I recommend evry workplace and effective manager needs a person with BMD at work. We take the policies from the paper or cyberspace network and implement them on the ground. I am fed up with non BMD people advising me NOT to be SO OPEN about my illness as it will hurt my career prospects.

Well I'm sorry if my "managed and controlled illness" damages my work prospects so be it. I cannot function living a divided life. The 'real one' at home and the 'perceived socially acceptable one" at work or at my University. Bugger that this slpit has damn nearly hospitalised me in 2011.

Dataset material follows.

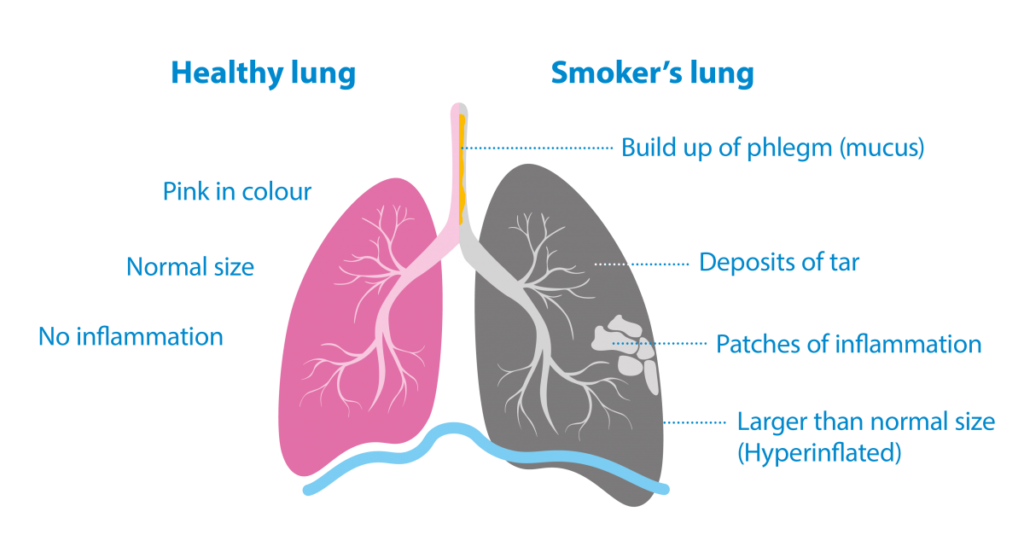 How Does Smoking Affect My Health?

I am now truly ready to tell people where to off being judgemental. My illness at least does not have a truly negative personality disorder directed at others! Most BMD people I have met tend to find fault in themseleves first and foremost, not attempt to bring others down strategically, emotionally or through malicious acts. These are workplace deviants, not us.

It is about time in 2012 that so called "normal" workers are held to account for their actions of a "behavioural nature". If everyone around these disfunctional workers were monitored and watch as closely as those of us open about our medicated illness, then workplaces would be so much more productive, inclusive, dynamic, creative and dare I say it... happier.

So rest assured dear readers you will be travelling along regularly with me, in 2012 no matter what my job or how close to submission my PhD develops. I don't give a toss about the people who really SHOULD not determine my own wellness.